+++ MATERIAL PROVIDED +++
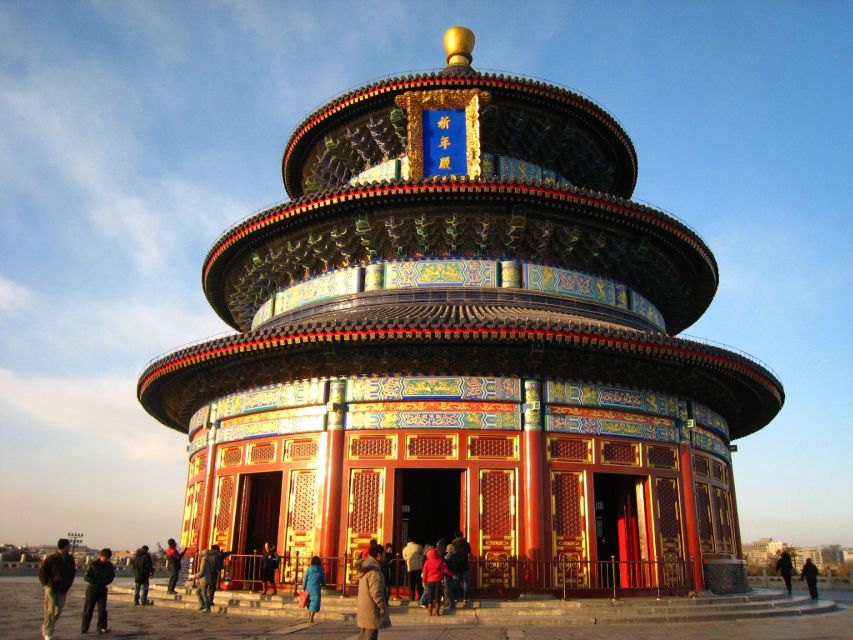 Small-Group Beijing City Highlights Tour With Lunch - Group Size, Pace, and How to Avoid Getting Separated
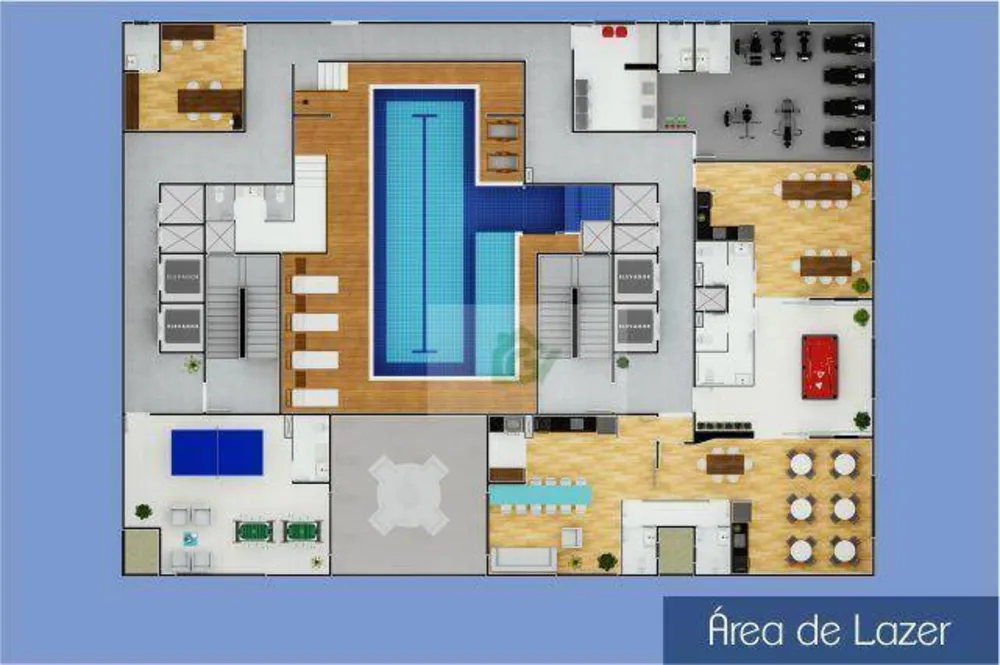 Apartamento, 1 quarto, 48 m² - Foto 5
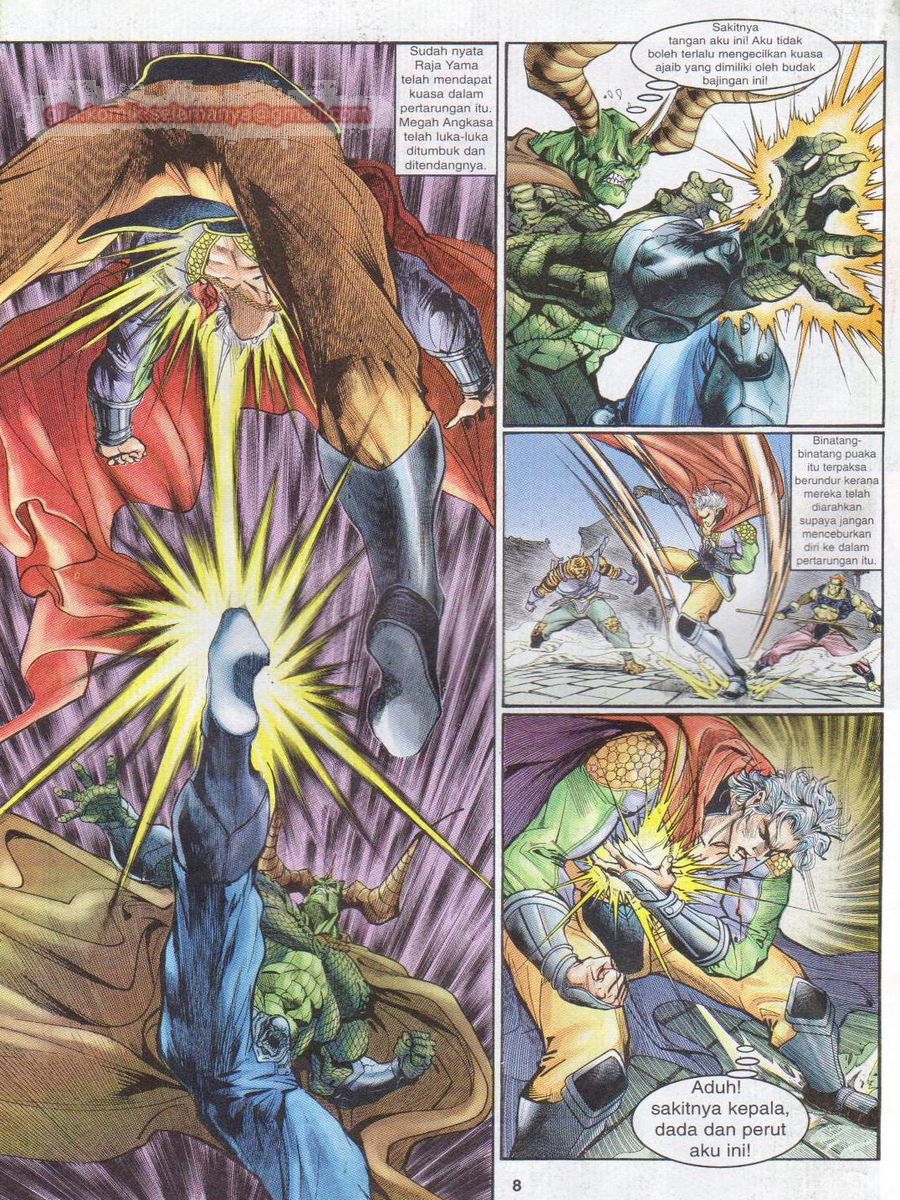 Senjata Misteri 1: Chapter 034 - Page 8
+++
■ EXERCISE AIM:
Would you please repeat all the data word for word, but without the pictures?

■ RESULT OF THIS EXERCISE:
 Small-Group Beijing City Highlights Tour With Lunch - Group Size, Pace, and How to Avoid Getting Separated
 Apartamento, 1 quarto, 48 m² - Foto 5
 Senjata Misteri 1: Chapter 034 - Page 8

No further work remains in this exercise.